START Dataset records

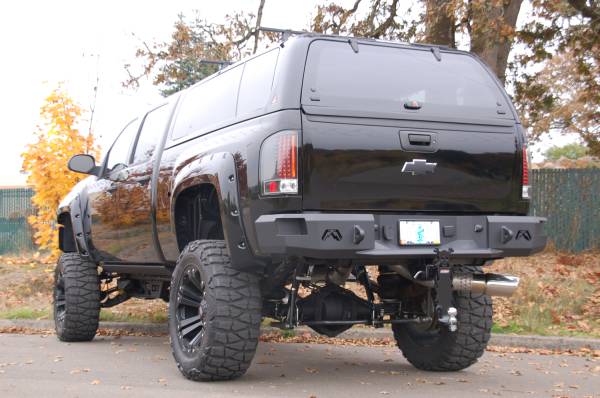 Fab Fours - Fab Fours Heavy Duty Rear Bumper 2 Stage Black Powder Coated Incl. 0.75 in. D-Ring Mount - CH08-W1450-1 - Image 1
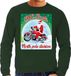 Bellatio Decorations Foute Kersttrui - sweater - MC Santa North Pole division - motorrijders - bikers - groen - voor heren M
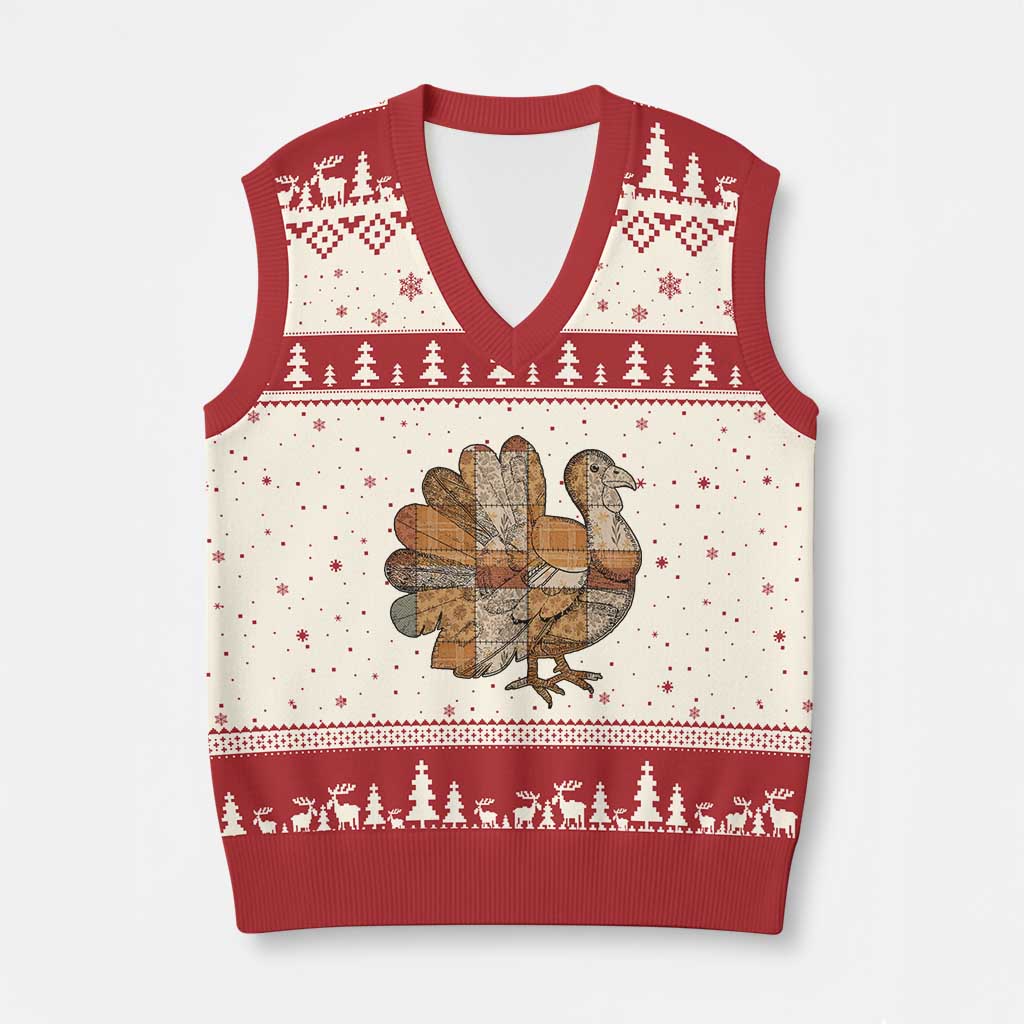Thanksgiving Vintage Patchwork Gobble Turkey V-Neck Knit Sweater Vest TS11 Beige Red Print Your Wear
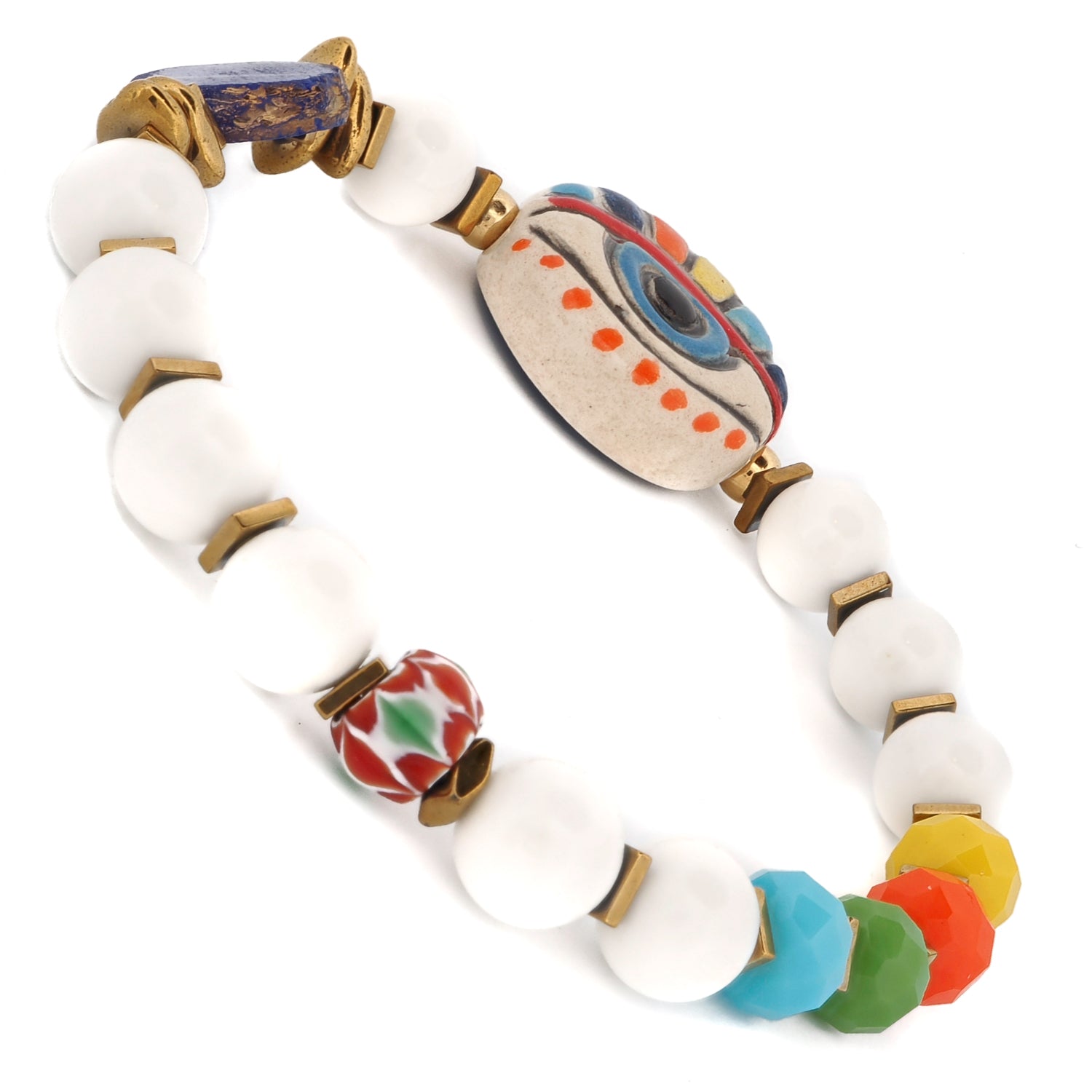 Two-sided evil eye bracelet with hand-painted ceramic focal bead, white jade beads, and colorful faceted crystal — handmade reversible bracelet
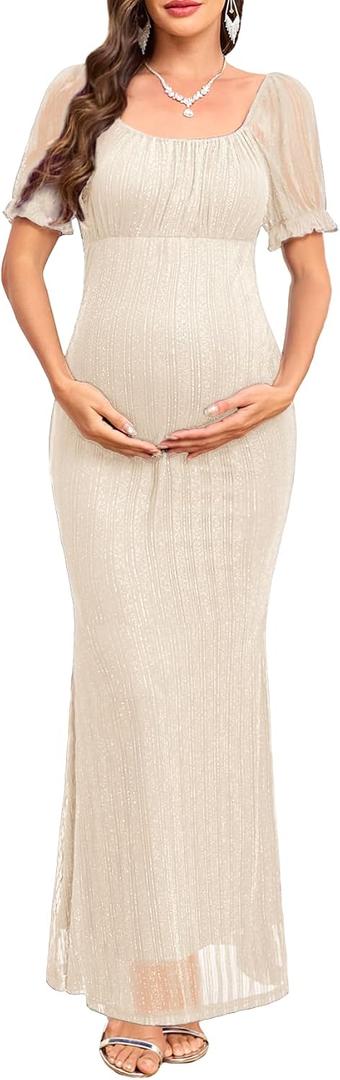 AISWI Maternity Sparkly Mesh Dress Short Sleeve Square Neck Pregnancy Dresses for Semi Formal Baby Shower Photoshoot (Beige, M)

END Dataset records

_What you have to do_
All of the data gets printed again exactly; the pictures do not.

_Answer section_
 Fab Fours - Fab Fours Heavy Duty Rear Bumper 2 Stage Black Powder Coated Incl. 0.75 in. D-Ring Mount - CH08-W1450-1 - Image 1
 Bellatio Decorations Foute Kersttrui - sweater - MC Santa North Pole division - motorrijders - bikers - groen - voor heren M
Thanksgiving Vintage Patchwork Gobble Turkey V-Neck Knit Sweater Vest TS11 Beige Red Print Your Wear
 Two-sided evil eye bracelet with hand-painted ceramic focal bead, white jade beads, and colorful faceted crystal — handmade reversible bracelet
 AISWI Maternity Sparkly Mesh Dress Short Sleeve Square Neck Pregnancy Dresses for Semi Formal Baby Shower Photoshoot (Beige, M)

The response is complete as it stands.